Could you give back exactly the lines below from the one with "아우디 A8 60 TFSI 콰트로 LWB 사진 5" through the one with "main-listing-picture-0", without a single picture?

[Source records]:
--------

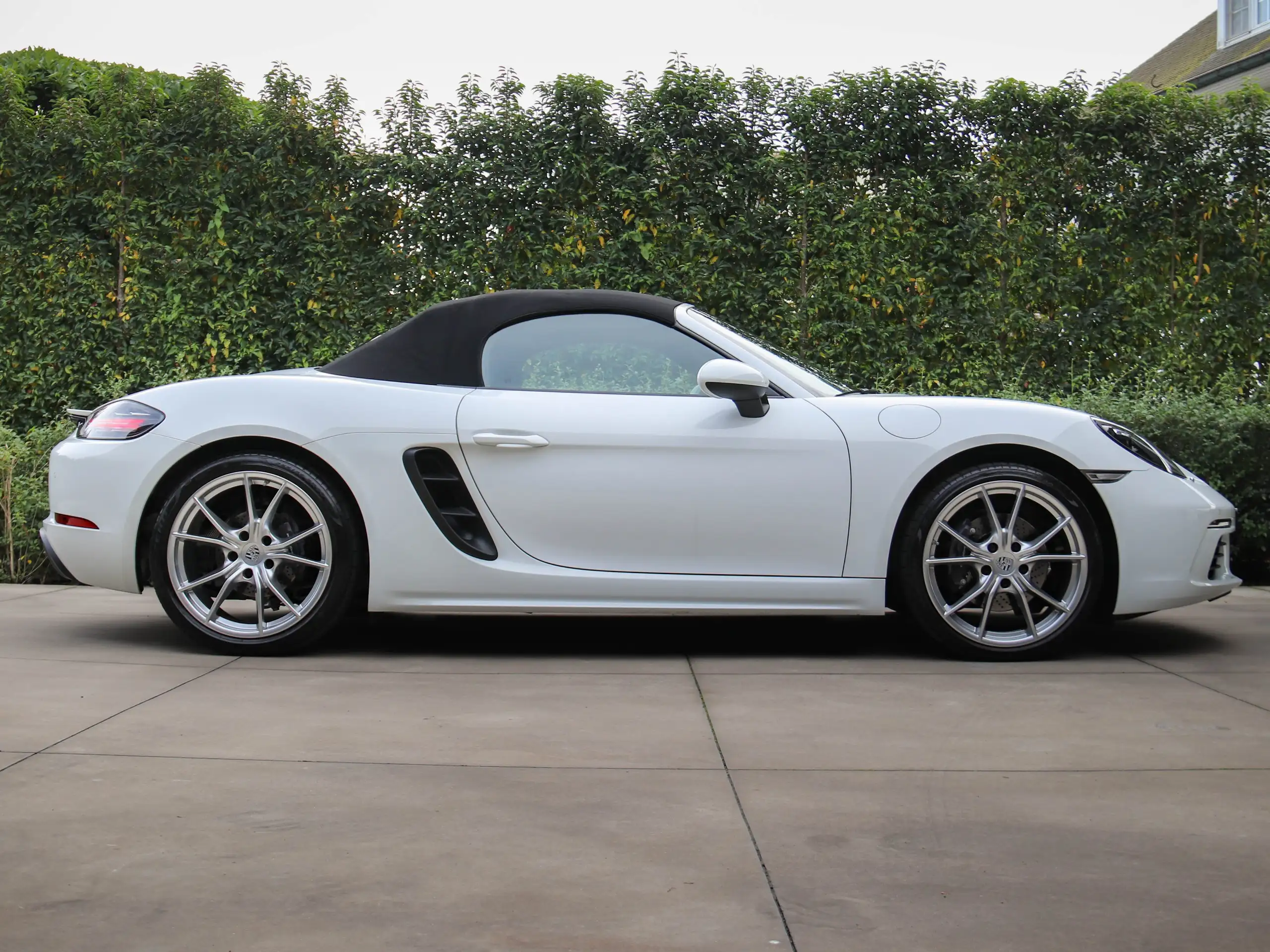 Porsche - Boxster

--------

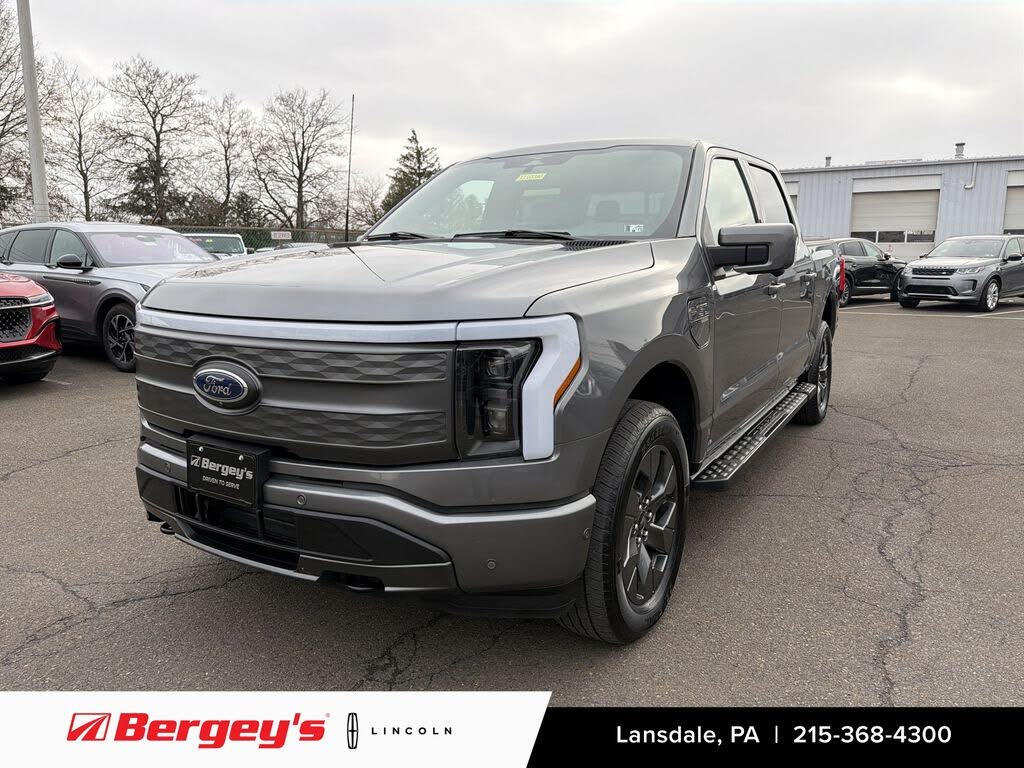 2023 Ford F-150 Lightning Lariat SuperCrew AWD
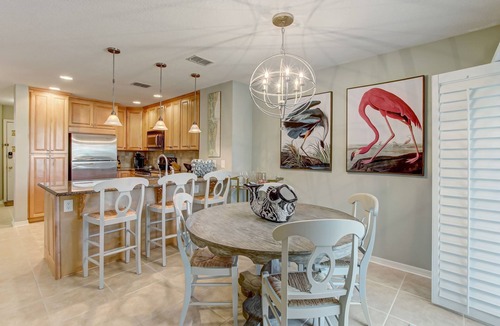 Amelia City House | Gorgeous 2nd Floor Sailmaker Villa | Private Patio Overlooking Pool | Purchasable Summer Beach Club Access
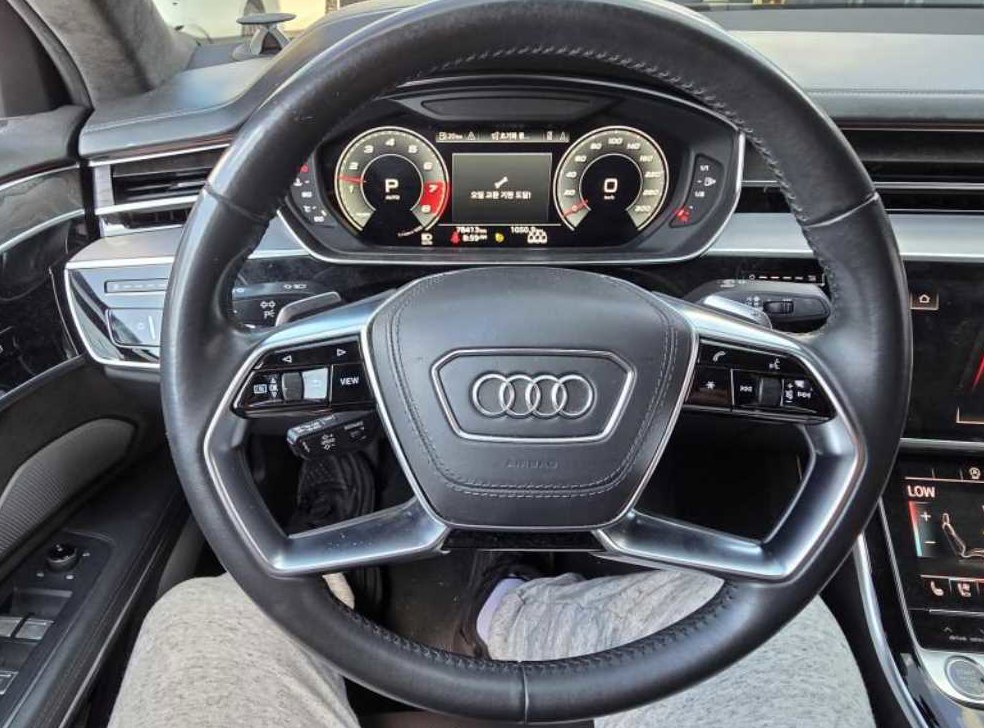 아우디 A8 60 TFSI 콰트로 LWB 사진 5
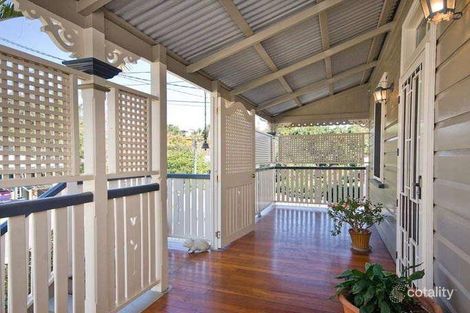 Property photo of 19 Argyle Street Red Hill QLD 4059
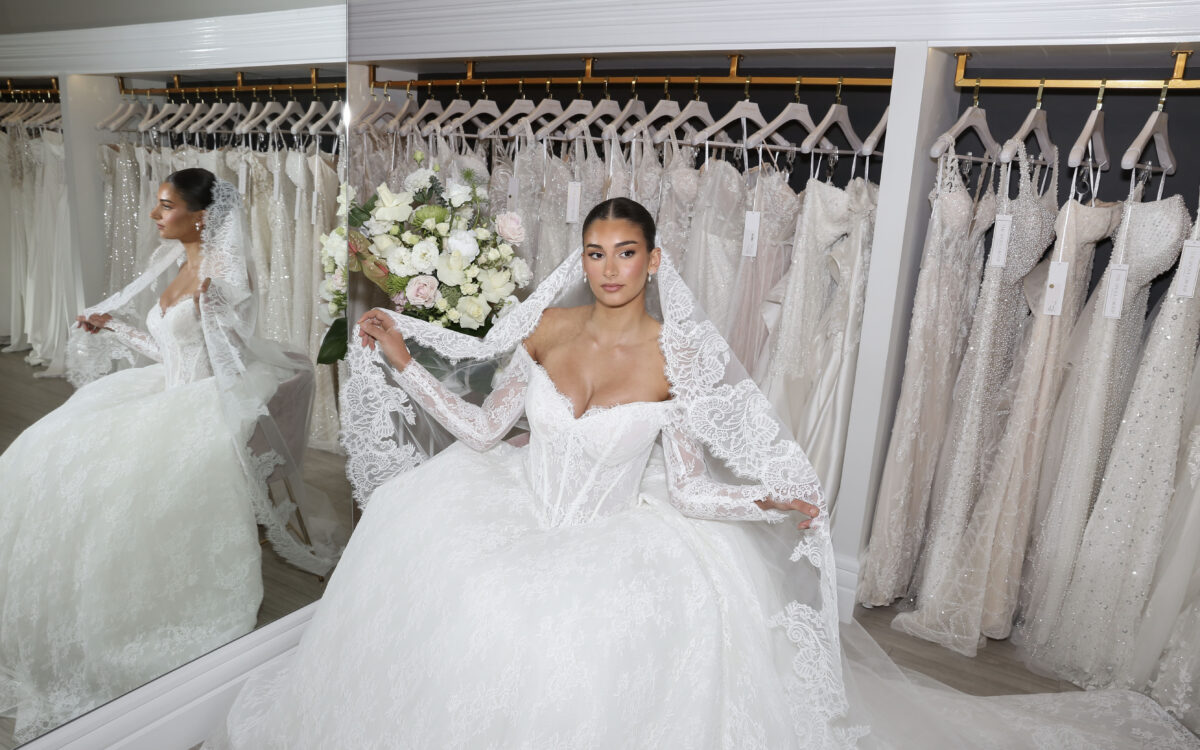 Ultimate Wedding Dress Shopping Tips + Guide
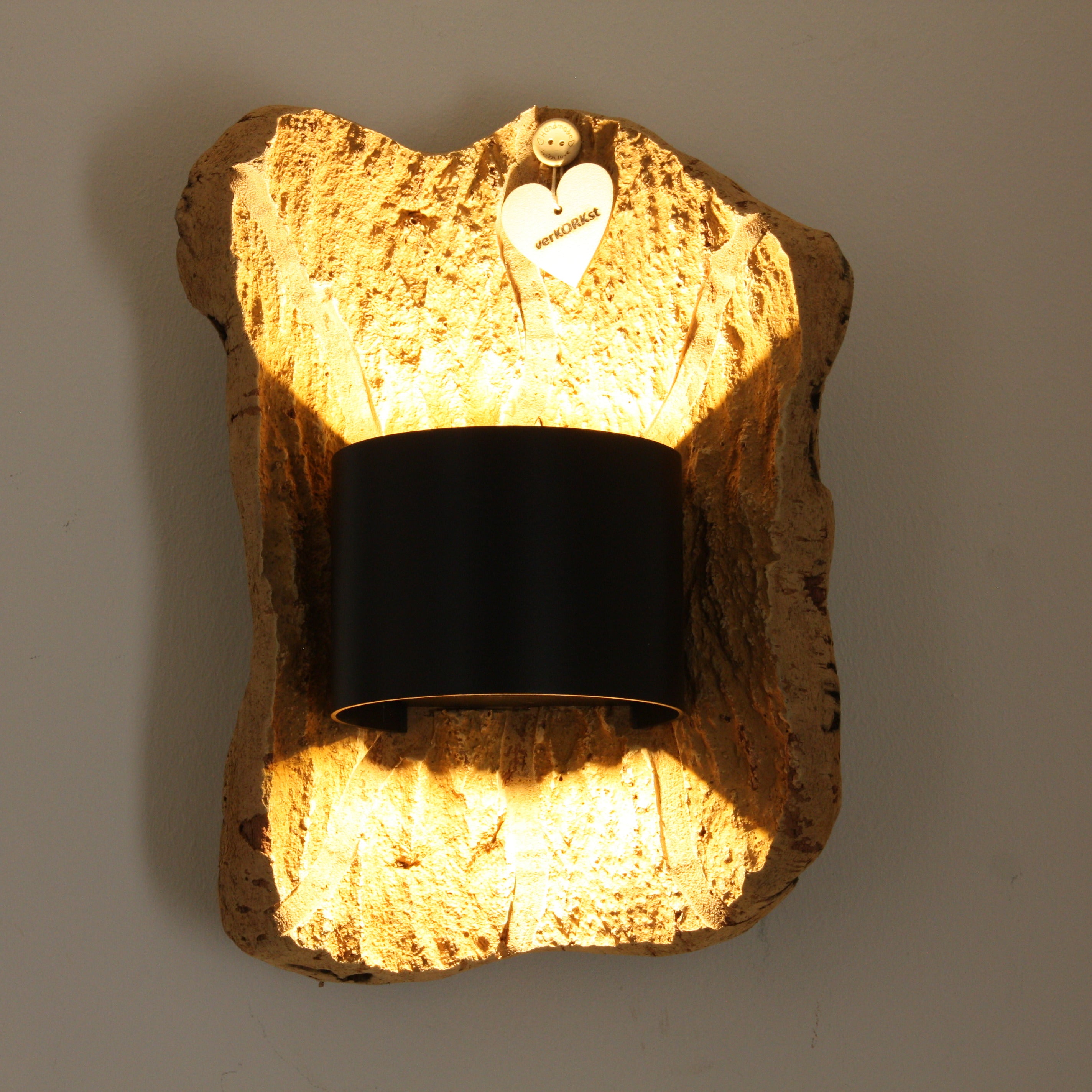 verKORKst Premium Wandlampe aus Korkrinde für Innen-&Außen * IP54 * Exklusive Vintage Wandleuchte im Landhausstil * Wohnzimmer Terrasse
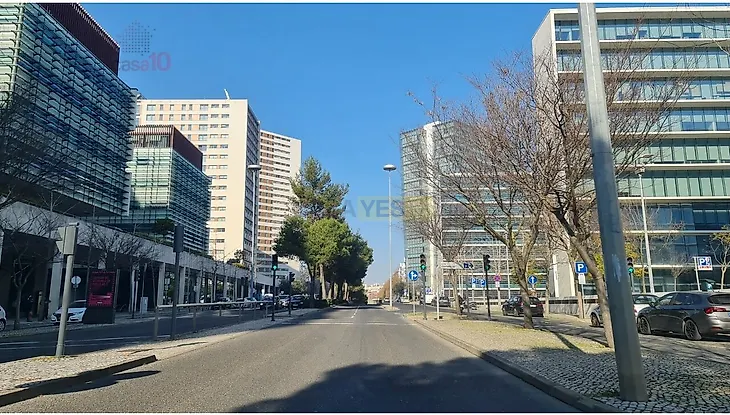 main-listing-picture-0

--------

[Expected output]:
 아우디 A8 60 TFSI 콰트로 LWB 사진 5
 Property photo of 19 Argyle Street Red Hill QLD 4059
 Ultimate Wedding Dress Shopping Tips + Guide
 verKORKst Premium Wandlampe aus Korkrinde für Innen-&Außen * IP54 * Exklusive Vintage Wandleuchte im Landhausstil * Wohnzimmer Terrasse
 main-listing-picture-0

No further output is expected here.